# Need a new computer name :D



## >>PhoeniX<< (Jun 2, 2011)

So basically I want to name my new build. Usually I give a dumb name to my builds, like InerTia* (Custom graphics on my last build).

So basically I just ordered myself a white Phantom so I need a name. Sounds really immature but its my thing.

Suggestions? Sig Rig.


----------



## cheesy999 (Jun 2, 2011)

name it after something you like, for example you could call it Dr pepper, or kittens (but not marmite, I've just decided to call my pc that)


----------



## Maelstrom (Jun 2, 2011)

Hey, I also have a white Phantom (just arrived today). Perhaps name it after a Greek/Roman or Norse god? That's what I do. Lots to choose from. 

Greek: https://secure.wikimedia.org/wikipedia/en/wiki/List_of_Greek_mythological_figures

Norse: https://secure.wikimedia.org/wikipedia/en/wiki/Norse_gods


----------



## >>PhoeniX<< (Jun 2, 2011)

Thanks, Maelstrom.


----------



## LifeOnMars (Jun 2, 2011)

Phoenix from the flames


----------



## cheesy999 (Jun 2, 2011)

LifeOnMars said:


> Phoenix from the flames



Still not as good as kittens


----------



## LifeOnMars (Jun 2, 2011)

cheesy999 said:


> Still not as good as kittens



Meh....I can't stand cats


----------



## micropage7 (Jun 2, 2011)

it comes from the system it self, like if your rig pretty powerfull you can use like 'hercules'
if you use water cooling and make it silence you can use 'silent hill' maybe like the game title
if you like extreme things and unbeatable you can use 'zeus' 
or you compile from many names like 'arch' athlon, rog, corsair and heavy (like you oc it)


----------



## boise49ers (Jun 2, 2011)

*Ha !*

Mine's staying Knuckle Stripping Hexie until I 
get my new case hopefully next week. I should 
be able to OC it more with 5 fans as opposed to 
none and the new one is pretty cool looking.


----------



## douglatins (Jun 2, 2011)

Look at ships (real, 17-19 century), starships (movies)


----------



## boise49ers (Jun 2, 2011)

douglatins said:


> Look at ships (real, 17-19 century), starships (movies)

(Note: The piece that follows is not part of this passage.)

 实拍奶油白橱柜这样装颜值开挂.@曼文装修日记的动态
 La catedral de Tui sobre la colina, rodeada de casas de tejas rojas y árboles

Whatchu Talking about Willis ?


----------



## Velvet Wafer (Jun 2, 2011)

>>PhoeniX<< said:


> So basically I want to name my new build. Usually I give a dumb name to my builds, like InerTia* (Custom graphics on my last build).
> 
> So basically I just ordered myself a white Phantom so I need a name. Sounds really immature but its my thing.
> 
> Suggestions? Sig Rig.



How does it come, you dont like "InerTia"?
Sounds pretty good to me, why dont you make a few ones up, and open a poll for what people think is the best?


----------



## qubit (Jun 2, 2011)

How about one of these cool names:

Tachyon

EventHorizon

BlackHole

Afterburner

FTL

I've just called my Windows domain at home eventhorizon.blackhole but might change it to blackhole.tachyon.ftl


----------



## micropage7 (Jun 2, 2011)

Velvet Wafer said:


> How does it come, you dont like "InerTia"?
> Sounds pretty good to me, why dont you make a few ones up, and open a poll for what people think is the best?

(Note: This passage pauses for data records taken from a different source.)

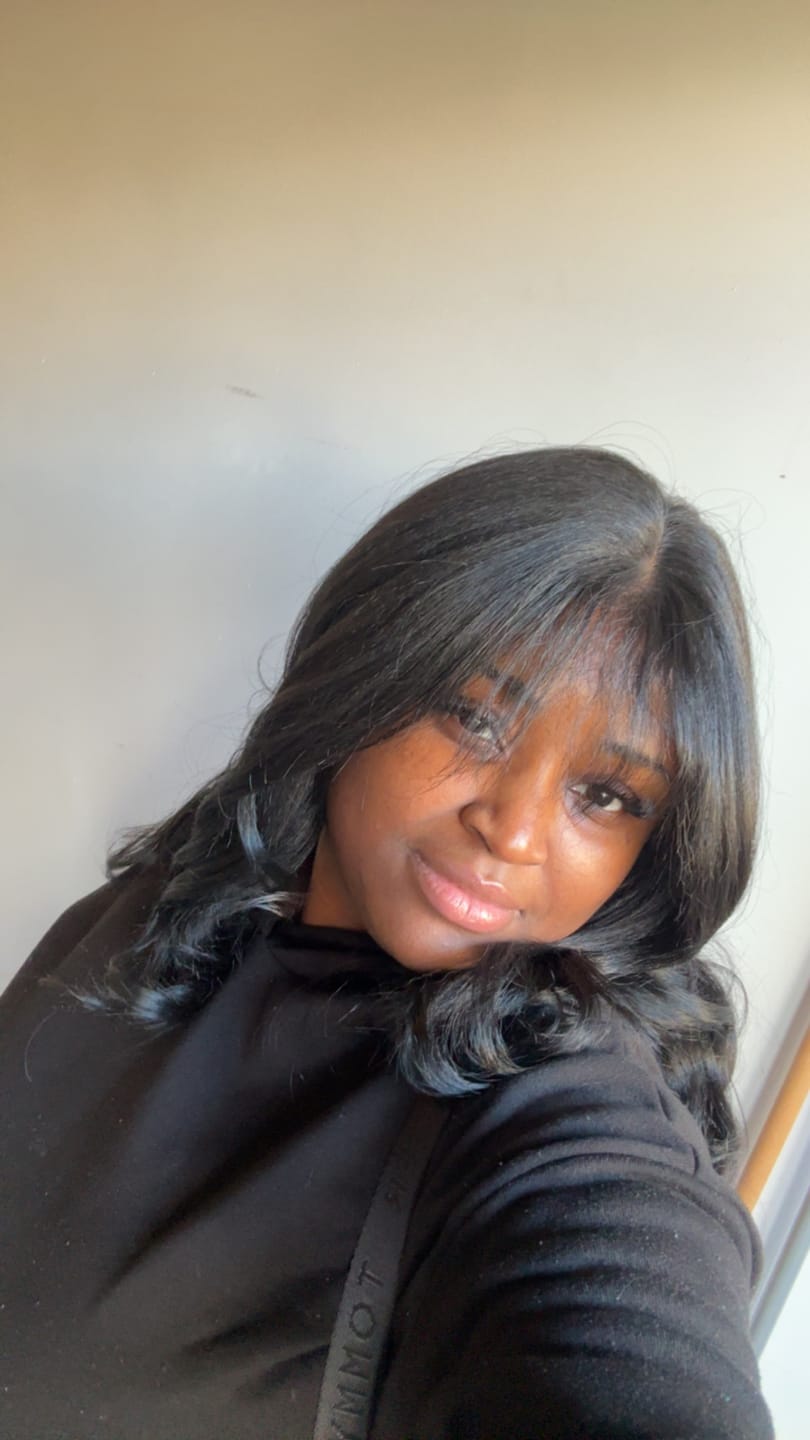 Customer photo review of Outre Melted Hairline Glueless HD Lace Front Wig - MANDISA - Pre-Styled Bangs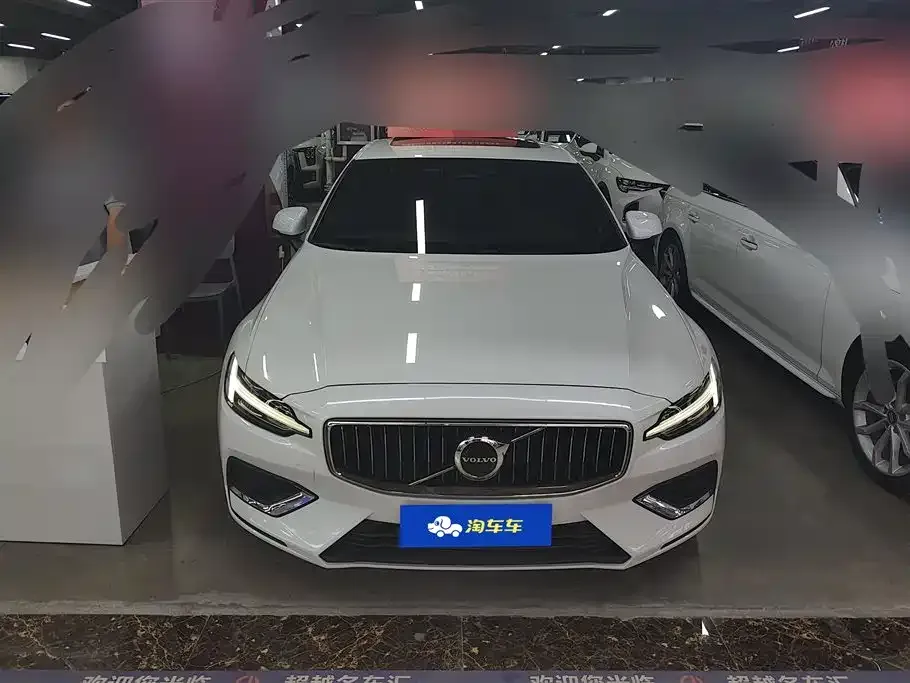 Volvo S60 — фото 10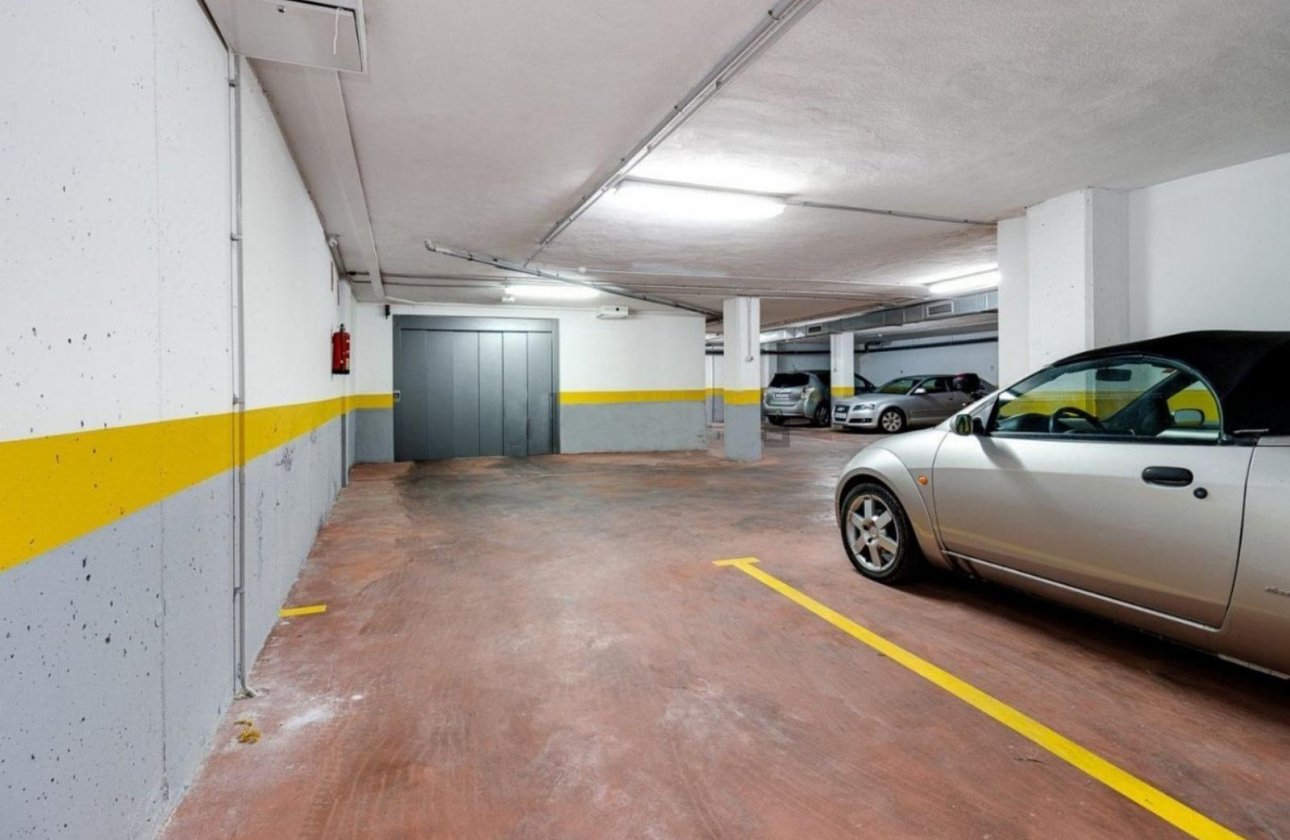 Herverkoop - Appartement -
Torrevieja - Estacion De Autobuses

agree. if you have names take poll, coz name is personal you could take that match your heart
btw what about 'sentinel'


----------



## Velvet Wafer (Jun 2, 2011)

qubit said:


> How about one of these cool names:
> 
> Tachyon
> 
> ...



You really liked that Movie that much? It was pretty good, but i wouldnt have named a rig after it!


----------



## micropage7 (Jun 2, 2011)

Velvet Wafer said:


> How does it come, you dont like "InerTia"?
> Sounds pretty good to me, why dont you make a few ones up, and open a poll for what people think is the best?





qubit said:


> How about one of these cool names:
> 
> Tachyon
> 
> ...



yeah. what about military name like 'delta' 'alpha protocol' like game


----------



## qubit (Jun 2, 2011)

Velvet Wafer said:


> You really liked that Movie that much? It was pretty good, but i wouldnt have named a rig after it!



Which movie, Event Horizon? I've seen it, but I wasn't thinking of that. But shit it was scary...

I'm really interested in black holes and faster than light travel.


----------



## Velvet Wafer (Jun 2, 2011)

qubit said:


> Which movie, Event Horizon? I've seen it, but I wasn't thinking of that. But shit it was scary...
> 
> I'm really interested in black holes and faster than light travel.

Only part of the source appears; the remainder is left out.